The TABC may not simply designate materials "obscene," and then proceed from that untested premise. The law demands a judicial determination that this designation is accurate — its does not allow the executive branch to simply affix this label, and once attached, ignore the requirement for any further proof or process. Cf. Penthouse Int'l, Ltd. v. McAuliffe, 610 F.2d 1353, 1359 (5th Cir. 1980) (there must some judicial determination of obscenity before a seizure may occur). While what is obscene and what is not may have been self-evident to Justice Potter Stewart, a similar omniscience is not imputed to prosecutors and administrative agents. Cf. Jacobellis v. Ohio, 378 U.S. 184, 197 (1964) (Stewart, J., concurring).
The TABC attempts to deflect the Fourth Amendment issue. The TABC argues there is no Fourth Amendment issue because there is no reasonable expectation of privacy at TABC licensed premises. This is undoubtedly true, but irrelevant. The Fourth Amendment issue here is unreasonable seizures, not unreasonable searches.

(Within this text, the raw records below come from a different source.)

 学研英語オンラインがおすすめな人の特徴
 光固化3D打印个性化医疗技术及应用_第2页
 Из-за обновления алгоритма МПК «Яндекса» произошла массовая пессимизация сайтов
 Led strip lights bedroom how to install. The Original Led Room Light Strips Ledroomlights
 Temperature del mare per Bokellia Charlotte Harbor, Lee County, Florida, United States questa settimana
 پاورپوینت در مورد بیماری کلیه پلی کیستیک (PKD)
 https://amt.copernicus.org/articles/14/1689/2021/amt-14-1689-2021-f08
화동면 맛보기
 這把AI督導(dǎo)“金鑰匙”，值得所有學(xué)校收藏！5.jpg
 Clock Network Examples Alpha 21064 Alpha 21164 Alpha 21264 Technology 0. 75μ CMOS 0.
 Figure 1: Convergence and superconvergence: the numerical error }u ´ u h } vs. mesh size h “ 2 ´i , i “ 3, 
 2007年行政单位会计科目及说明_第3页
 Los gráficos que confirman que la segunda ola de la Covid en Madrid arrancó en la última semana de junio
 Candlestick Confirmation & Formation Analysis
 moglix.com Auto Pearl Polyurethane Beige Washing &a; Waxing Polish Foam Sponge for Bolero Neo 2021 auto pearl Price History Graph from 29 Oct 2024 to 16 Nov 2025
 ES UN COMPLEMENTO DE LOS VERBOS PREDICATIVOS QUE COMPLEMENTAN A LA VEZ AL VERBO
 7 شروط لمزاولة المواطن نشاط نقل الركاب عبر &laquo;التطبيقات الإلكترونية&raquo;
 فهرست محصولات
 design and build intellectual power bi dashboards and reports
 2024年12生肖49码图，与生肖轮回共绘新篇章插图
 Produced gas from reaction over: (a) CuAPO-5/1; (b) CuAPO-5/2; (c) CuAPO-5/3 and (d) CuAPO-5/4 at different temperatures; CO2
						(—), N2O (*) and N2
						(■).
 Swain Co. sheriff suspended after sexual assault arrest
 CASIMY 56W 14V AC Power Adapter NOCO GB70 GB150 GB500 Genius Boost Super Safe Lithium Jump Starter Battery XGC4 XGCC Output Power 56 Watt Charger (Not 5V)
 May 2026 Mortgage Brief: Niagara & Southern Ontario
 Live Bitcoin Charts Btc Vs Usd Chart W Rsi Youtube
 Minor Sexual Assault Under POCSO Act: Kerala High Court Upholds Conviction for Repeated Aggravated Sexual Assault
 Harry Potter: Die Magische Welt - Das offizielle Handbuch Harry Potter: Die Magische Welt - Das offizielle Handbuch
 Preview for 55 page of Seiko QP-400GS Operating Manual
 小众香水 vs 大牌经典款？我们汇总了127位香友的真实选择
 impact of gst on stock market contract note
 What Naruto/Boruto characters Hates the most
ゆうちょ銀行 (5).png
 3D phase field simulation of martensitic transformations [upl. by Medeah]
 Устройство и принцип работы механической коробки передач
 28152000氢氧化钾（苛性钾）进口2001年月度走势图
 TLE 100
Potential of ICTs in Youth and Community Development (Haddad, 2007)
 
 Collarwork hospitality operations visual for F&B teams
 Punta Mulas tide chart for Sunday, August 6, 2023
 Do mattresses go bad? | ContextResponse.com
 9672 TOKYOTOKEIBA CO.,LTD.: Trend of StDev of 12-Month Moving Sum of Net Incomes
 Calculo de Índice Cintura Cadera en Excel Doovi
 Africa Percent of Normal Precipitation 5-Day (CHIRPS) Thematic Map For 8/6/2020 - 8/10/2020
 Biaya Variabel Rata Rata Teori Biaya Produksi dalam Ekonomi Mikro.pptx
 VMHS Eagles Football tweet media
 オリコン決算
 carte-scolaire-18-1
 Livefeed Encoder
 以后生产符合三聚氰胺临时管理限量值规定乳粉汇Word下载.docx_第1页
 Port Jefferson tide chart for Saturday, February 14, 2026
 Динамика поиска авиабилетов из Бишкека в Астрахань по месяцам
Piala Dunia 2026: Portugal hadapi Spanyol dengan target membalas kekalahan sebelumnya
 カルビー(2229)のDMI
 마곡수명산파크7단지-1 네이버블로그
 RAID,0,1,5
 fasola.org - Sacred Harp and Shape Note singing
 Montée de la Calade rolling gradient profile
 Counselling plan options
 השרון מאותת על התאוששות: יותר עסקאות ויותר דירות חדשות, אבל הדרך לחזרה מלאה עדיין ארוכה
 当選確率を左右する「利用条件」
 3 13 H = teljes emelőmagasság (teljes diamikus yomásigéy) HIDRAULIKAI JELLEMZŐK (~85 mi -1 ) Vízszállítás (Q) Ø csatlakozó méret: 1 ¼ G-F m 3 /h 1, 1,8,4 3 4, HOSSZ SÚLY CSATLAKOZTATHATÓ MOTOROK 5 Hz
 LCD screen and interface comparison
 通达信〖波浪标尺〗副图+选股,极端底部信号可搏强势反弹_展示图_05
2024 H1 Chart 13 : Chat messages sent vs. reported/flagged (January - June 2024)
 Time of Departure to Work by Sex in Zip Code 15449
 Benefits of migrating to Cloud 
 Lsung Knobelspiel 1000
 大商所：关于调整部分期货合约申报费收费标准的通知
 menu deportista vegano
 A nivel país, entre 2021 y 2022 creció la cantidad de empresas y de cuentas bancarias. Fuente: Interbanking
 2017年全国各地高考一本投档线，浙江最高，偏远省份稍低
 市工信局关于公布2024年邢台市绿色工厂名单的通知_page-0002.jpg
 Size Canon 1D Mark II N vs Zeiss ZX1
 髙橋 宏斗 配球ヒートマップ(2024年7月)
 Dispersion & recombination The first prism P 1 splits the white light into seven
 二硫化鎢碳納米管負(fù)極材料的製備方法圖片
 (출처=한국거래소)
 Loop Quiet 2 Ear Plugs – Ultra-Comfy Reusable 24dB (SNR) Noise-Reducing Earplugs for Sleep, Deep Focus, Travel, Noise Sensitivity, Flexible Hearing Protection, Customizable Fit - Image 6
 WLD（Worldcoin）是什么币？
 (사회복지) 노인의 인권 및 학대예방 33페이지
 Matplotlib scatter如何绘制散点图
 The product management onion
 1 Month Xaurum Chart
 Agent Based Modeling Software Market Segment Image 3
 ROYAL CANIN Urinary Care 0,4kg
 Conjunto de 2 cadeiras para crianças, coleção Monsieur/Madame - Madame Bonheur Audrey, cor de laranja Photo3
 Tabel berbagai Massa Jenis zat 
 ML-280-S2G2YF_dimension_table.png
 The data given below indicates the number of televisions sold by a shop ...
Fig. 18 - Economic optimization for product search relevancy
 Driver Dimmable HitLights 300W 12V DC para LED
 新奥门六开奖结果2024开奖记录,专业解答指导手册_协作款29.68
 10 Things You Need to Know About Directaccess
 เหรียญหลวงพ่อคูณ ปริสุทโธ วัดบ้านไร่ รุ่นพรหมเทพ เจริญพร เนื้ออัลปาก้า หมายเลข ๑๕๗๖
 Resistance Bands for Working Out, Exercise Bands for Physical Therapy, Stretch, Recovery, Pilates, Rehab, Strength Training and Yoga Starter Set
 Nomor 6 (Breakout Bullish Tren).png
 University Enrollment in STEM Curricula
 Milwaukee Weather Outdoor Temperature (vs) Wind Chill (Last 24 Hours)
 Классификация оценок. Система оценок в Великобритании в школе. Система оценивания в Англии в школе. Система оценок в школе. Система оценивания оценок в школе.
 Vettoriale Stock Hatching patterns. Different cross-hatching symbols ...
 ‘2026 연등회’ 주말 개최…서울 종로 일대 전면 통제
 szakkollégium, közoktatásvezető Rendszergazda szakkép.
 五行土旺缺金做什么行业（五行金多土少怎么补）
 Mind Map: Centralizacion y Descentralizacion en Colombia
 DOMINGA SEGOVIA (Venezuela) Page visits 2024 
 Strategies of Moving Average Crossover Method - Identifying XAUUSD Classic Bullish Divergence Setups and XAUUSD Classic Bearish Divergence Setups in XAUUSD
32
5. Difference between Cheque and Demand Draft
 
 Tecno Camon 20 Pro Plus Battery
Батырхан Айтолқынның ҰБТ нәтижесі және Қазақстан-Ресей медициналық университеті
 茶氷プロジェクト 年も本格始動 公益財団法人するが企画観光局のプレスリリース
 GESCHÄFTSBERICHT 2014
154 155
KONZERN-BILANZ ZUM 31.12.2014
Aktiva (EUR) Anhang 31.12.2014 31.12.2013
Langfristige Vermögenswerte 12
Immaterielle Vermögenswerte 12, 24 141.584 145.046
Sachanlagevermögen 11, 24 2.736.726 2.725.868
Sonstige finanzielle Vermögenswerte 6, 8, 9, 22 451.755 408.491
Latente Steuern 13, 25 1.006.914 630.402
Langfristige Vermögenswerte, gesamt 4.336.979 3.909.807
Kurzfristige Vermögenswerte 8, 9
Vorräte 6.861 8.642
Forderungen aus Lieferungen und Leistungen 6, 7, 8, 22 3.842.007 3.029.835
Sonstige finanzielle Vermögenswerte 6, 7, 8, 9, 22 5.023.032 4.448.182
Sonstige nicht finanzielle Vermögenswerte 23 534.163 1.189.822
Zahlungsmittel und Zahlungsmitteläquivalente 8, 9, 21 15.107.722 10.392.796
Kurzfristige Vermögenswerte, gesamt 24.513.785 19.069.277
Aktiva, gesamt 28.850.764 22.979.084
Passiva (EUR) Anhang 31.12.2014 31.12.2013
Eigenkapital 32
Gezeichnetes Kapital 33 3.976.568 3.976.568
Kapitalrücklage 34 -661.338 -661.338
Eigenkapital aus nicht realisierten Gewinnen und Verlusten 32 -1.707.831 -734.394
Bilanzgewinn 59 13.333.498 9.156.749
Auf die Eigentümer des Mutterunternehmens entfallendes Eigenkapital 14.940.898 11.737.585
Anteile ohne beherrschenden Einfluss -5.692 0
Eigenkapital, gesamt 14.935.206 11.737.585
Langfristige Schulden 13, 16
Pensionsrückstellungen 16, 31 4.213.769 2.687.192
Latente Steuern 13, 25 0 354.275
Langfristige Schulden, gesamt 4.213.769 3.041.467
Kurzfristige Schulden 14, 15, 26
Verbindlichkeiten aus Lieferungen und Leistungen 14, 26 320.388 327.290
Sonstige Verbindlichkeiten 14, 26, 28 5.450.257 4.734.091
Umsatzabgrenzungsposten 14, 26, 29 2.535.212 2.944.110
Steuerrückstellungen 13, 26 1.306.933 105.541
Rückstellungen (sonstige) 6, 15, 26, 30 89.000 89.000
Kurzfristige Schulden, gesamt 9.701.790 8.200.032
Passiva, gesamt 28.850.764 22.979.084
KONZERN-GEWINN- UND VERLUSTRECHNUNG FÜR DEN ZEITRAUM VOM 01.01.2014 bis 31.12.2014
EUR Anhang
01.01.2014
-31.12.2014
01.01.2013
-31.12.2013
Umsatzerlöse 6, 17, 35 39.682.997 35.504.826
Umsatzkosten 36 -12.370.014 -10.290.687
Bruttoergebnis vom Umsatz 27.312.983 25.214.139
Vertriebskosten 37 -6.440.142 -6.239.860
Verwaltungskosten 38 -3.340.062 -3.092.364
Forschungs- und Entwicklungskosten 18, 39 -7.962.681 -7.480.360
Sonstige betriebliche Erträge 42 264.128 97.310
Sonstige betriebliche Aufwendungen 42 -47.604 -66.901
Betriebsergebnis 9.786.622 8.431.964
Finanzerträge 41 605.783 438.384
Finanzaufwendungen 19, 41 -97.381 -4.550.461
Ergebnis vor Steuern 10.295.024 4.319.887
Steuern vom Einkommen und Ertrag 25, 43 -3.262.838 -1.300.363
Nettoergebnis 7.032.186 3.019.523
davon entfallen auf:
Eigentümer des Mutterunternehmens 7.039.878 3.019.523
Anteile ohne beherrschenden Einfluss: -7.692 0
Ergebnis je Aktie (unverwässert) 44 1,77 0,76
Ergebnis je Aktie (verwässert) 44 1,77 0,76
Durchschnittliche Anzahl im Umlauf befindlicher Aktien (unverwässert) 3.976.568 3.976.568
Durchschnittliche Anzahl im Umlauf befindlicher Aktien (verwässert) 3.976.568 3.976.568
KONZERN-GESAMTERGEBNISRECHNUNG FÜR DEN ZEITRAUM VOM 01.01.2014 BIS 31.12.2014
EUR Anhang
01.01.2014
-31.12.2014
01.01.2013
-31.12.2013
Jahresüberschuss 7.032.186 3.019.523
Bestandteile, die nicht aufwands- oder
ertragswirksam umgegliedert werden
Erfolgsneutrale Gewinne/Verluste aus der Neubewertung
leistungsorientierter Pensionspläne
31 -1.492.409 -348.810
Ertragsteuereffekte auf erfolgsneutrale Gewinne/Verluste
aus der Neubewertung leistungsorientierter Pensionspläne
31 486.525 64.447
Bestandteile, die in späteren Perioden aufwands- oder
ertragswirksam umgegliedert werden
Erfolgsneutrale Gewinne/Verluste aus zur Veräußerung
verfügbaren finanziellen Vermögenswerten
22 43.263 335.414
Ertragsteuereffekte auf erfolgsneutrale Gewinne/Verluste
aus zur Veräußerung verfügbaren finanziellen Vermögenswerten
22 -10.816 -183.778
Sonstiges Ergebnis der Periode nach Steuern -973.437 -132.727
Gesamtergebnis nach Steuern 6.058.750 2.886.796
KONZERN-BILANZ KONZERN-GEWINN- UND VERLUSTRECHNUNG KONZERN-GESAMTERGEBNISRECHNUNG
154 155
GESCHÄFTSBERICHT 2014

The TABC admits that no procedure beyond the subjective determination of individual TABC officers was used in seizing otherwise presumptively protected materials. Cf. Universal Amusement Co. v. Vance, 587 F.2d 159, 172 (5th Cir. 1978) (en banc), aff'd, 445 U.S. 308 (1980) (concluding Texas statute was constitutionally infirm because of its inadequate process for ascertaining whether materials were obscene). It attempts to bypass the issue by arguing that obscene materials are not protected and therefore may be confiscated. But this assumes the very premise (obscenity) that is required to be proven. Cf. A Quantity of Copies of Books v. Kansas, 378 U.S. 205, 211, 84 S.Ct. 1723, 12 L.Ed.2d 809 (1964) ("It is no answer to say that obscene books are contraband. . . ."). The law neither allows this presumption, nor does it allow seizures solely on the judgment of TABC agents that the magazines or movies were obscene. See Roaden v. Kentucky, 413 U.S. 496, 506 (1973) (citations omitted) ("The seizure proceeded solely on a police officer's conclusions that the film was obscene; there was no warrant. Nothing prior to seizure afforded a magistrate an opportunity to `focus searchingly on the question of obscenity'"). There is no question that the TABC actions failed to comport with the procedural safeguards mandated by a clear line of Supreme Court precedent.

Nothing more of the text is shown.